The one I think might be male tends to hang out under a rock. "He" is slightly thinner than the other, but has slightly brighter turqoiuse spots on his sides. Here are pictures of "Him". (So far I call this one Jewelius Cesar)



















The one I think is a female is a little more robust, and a little more outgoing. Here are pictures of "Her". (And of course the other being Jewelius Cesar, this one is called Cleopatra)
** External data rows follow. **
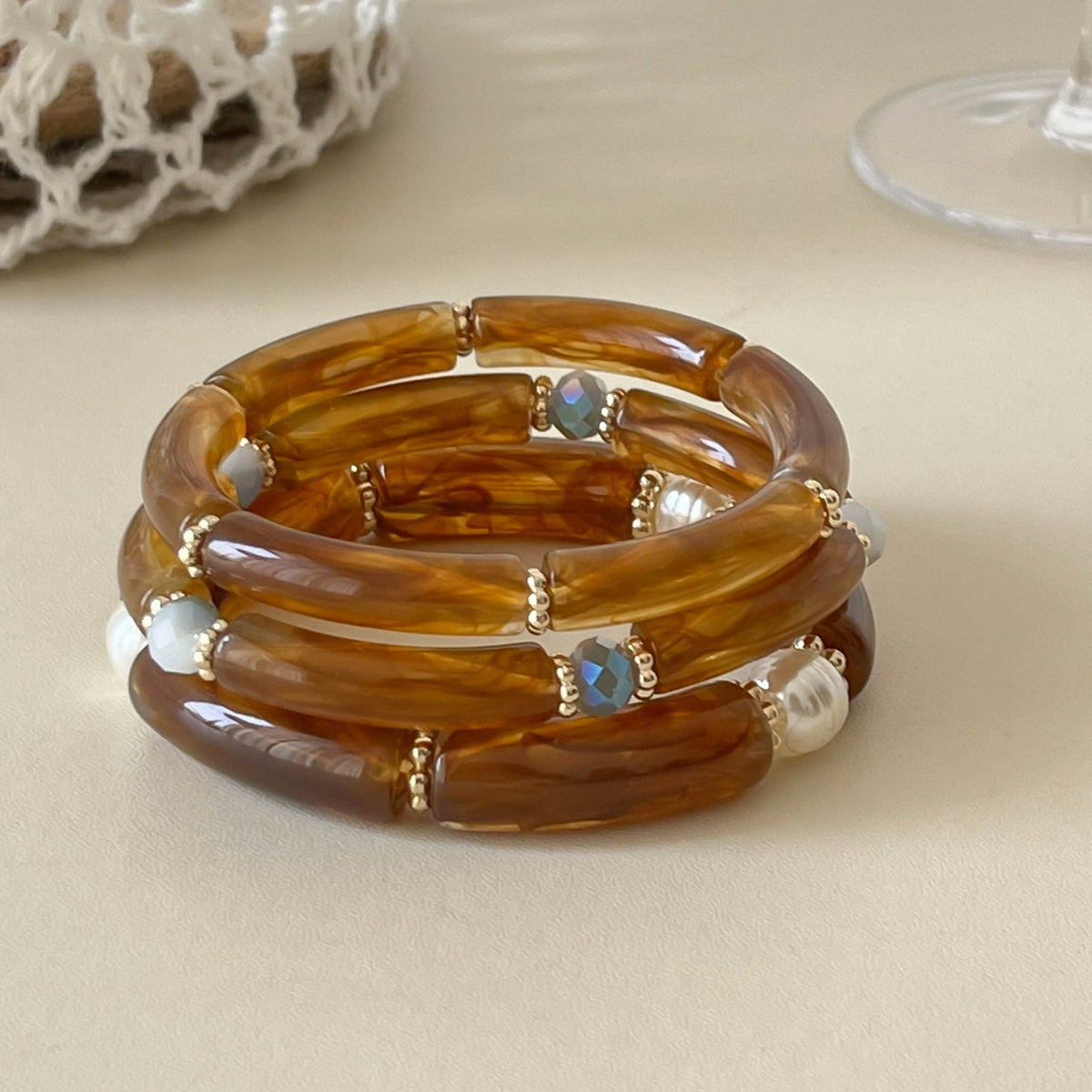 Bamboo Tube Beaded Bangle — bracelet, view 10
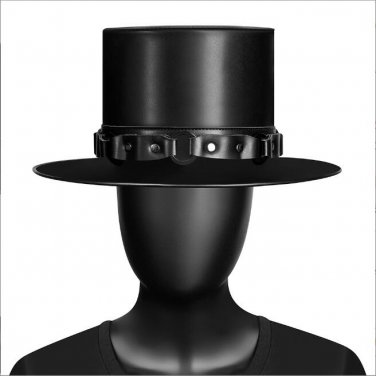 Black Riveted Hat Man PU Leather Theater Plague Doctor Cosplay Steampunk Costume Gift FHT010
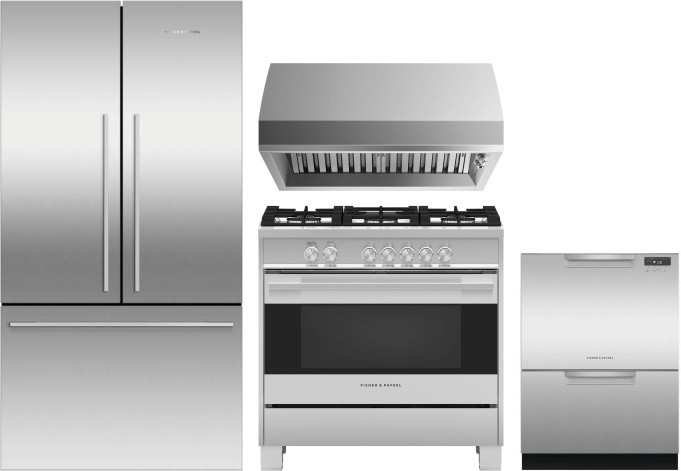 Fisher & Paykel Active Smart Contemporary 4 Piece Kitchen Appliances Package with French Door Refrigerator, Gas Range and Dishwasher in Stainless Stee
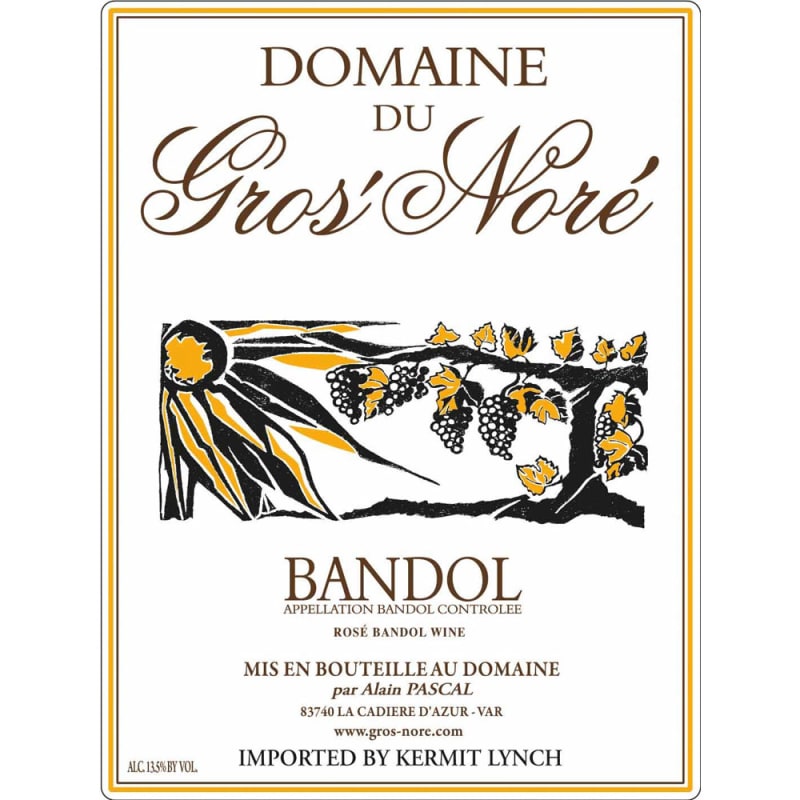 Domaine du Gros Nore Bandol Rose 2016 Front Label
So anyone have any thoughts on sex of these fish?


----------



## CichlidWhisperer (Apr 12, 2008)

So I am thinking I got it backwards. The one who tends to hang out in the cave is turning a very bright red and staying to the cave mostly. The other is brighter blue and hangs out in the cave at times together with the redder one, but comes out quite often. I have not noticed any agression at all between the two. I am concerned that they are becoming more seclusive and the cave one did not come out to eat the blood worm treat this morning. Is that just that they are mating? They seem a little small/young (about 2 inches) and I just put them in there together a day and a half ago, so I am surprised if they are pairing up already. Ammonia and nitrites are zero, nitrates are well below 20 PPM, temperature is 78 F.

I have not had Jewels since I was a child (actually they were my first cichlids), but have kept many many other cichlids since. These two are acting rather differently than other cichlids and I am getting a little worried. I would appreciate any thoughts or advice from anyone with more recent experience...

Thanks!


----------



## Randall (Jul 2, 2003)

Hello Whisperer,

Looking at the top photo, I'd say the fish on the left is a female and the one on the right is a male. Males tend to possess a less elongate head profile and a more pronounced forehead.

When all else fails, the fish that lays the eggs is generally the female.

Good luck!

Randall Kohn


----------